PORT-AU-PRINCE (Reuters) – Haitian Prime Minister Ariel Henry on Monday formally installed a transition council whose job will be to prepare for long-overdue elections in the Caribbean country, amid a humanitarian crisis driven by violence from armed gangs.
Haiti, which has been without any elected representatives since early January, last held a presidential vote in 2016.
“This is the beginning of the end of dysfunction in our democratic institutions,” Henry said in a speech, adding that the High Transition Council (HCT) unanimously backed his request for an international force to help police restore order.
Henry took power in July 2021 days after the assassination of President Jovenel Moise.

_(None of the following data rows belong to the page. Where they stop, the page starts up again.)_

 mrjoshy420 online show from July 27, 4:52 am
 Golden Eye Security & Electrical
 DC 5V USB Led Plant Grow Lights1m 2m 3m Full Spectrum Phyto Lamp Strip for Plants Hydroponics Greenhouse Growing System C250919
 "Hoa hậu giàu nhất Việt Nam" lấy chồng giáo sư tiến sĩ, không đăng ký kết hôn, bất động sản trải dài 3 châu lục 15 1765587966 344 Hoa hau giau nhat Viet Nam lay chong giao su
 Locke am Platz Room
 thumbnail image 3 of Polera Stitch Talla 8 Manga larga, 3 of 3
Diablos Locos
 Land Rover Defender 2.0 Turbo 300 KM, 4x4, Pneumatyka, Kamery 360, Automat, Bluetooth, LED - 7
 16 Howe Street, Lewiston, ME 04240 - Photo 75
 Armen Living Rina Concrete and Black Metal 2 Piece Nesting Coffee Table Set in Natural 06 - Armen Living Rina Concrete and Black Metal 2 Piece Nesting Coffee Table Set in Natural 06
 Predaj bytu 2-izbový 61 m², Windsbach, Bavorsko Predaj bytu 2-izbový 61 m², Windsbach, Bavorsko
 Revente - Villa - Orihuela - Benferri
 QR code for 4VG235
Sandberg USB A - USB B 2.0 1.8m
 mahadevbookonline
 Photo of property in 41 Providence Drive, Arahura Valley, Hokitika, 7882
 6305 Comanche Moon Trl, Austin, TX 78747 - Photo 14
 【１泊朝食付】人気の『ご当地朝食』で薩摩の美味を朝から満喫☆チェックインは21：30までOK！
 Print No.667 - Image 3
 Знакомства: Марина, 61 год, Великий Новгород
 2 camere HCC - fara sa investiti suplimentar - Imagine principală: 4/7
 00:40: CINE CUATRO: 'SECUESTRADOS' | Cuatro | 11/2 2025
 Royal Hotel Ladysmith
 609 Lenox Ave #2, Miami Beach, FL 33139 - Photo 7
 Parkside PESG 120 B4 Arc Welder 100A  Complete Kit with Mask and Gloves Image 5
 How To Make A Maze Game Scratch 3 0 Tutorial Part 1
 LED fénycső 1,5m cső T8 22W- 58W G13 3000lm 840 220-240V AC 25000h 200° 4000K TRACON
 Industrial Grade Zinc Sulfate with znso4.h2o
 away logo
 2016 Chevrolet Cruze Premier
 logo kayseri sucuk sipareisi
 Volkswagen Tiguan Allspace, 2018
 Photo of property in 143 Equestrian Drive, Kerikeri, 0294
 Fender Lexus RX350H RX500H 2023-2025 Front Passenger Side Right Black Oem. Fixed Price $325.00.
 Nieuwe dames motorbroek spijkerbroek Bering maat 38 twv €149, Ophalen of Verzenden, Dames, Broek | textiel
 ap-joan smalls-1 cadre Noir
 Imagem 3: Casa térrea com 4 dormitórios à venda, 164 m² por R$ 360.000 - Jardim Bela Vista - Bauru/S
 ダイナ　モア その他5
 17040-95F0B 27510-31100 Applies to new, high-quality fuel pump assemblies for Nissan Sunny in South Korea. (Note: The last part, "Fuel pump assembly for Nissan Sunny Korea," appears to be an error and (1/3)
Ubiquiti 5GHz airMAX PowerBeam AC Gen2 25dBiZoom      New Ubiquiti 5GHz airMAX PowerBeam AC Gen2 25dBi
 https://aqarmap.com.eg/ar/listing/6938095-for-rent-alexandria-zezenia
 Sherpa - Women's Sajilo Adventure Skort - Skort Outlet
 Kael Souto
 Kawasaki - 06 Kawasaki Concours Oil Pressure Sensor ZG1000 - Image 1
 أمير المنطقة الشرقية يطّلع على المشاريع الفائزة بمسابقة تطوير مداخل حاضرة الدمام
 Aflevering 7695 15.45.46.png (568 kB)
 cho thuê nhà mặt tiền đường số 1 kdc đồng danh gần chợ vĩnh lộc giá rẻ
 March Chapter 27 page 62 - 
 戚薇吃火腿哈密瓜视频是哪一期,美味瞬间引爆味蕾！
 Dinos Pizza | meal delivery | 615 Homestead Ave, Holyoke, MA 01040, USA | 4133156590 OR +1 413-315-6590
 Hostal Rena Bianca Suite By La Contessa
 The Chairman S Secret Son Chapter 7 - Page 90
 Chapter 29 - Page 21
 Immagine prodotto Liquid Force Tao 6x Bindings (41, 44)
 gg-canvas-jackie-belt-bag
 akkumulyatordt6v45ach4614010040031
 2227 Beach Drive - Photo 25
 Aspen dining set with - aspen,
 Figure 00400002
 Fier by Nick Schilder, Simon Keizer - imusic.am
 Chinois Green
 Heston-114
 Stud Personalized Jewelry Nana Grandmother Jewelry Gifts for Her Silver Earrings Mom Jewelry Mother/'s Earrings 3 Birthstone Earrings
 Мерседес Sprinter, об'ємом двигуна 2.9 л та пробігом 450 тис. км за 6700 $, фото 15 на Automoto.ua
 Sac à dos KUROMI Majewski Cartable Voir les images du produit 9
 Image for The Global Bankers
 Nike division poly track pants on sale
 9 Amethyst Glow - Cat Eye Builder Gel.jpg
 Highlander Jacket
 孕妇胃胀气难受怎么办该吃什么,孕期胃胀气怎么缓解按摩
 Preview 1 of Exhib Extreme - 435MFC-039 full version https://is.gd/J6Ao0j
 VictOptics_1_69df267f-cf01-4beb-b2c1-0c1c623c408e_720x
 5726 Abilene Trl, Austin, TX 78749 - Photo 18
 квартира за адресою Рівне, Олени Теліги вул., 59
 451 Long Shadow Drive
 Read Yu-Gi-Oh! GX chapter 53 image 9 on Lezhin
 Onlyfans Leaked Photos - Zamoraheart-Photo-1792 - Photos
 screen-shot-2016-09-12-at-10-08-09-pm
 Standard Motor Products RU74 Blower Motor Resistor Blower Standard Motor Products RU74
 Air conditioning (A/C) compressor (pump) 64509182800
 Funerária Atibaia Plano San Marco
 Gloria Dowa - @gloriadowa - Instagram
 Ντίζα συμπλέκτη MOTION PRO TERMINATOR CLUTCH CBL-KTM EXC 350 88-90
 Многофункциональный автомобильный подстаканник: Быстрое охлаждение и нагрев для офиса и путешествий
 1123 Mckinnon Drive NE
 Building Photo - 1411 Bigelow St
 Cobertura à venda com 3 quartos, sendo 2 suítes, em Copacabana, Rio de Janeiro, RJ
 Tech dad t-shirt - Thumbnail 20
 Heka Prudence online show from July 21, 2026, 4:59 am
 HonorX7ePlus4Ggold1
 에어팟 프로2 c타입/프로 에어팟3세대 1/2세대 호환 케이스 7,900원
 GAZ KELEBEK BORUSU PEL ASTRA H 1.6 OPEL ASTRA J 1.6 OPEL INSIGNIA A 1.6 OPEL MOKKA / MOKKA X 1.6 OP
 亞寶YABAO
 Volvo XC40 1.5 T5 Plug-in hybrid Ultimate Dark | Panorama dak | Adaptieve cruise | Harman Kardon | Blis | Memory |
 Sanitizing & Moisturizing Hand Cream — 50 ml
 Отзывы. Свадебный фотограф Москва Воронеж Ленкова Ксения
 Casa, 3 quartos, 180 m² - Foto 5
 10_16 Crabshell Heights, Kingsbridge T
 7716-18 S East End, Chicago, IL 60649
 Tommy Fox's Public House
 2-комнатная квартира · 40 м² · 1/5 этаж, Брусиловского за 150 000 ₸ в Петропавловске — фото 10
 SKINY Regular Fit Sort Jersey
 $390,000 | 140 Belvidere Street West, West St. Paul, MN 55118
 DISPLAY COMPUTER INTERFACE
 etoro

He has pledged to leave office by Feb. 7, 2024, after postponing elections indefinitely in the wake of a devastating earthquake that affected the Southern Peninsula, along with gang violence.
The transition council, composed of three members representing Haiti’s political, business and civil sectors, is expected to develop an ambitious road map for the next elections and choose members of a provisional electoral council as well as a committee to revise the country’s constitution.
Its members are: Mirlande Manigat, a former presidential candidate; Laurent Saint-Cyr, president of Haiti’s Chamber of Commerce; and Pastor Calixte Fleuridor, from the country’s Protestant Federation.
Manigat, a lawyer who ran for the presidency in 2010 and is the widow of former President Leslie Manigat, asked international allies to remember their commitment “to help law enforcement in the fight against social malevolence.”
The installment comes ahead of a visit from the U.N. High Commissioner for Human Rights, Volker Turk, who is scheduled to arrive in Haiti on Wednesday.
Hundreds have been killed and tens of thousands displaced amid bloody turf battles between gangs who have expanded their territory in Haiti since Moise’s assassination.
Henry requested the help of an “international force” in October, but the request is still being discussed at the United Nations, where no country has offered to lead such a force.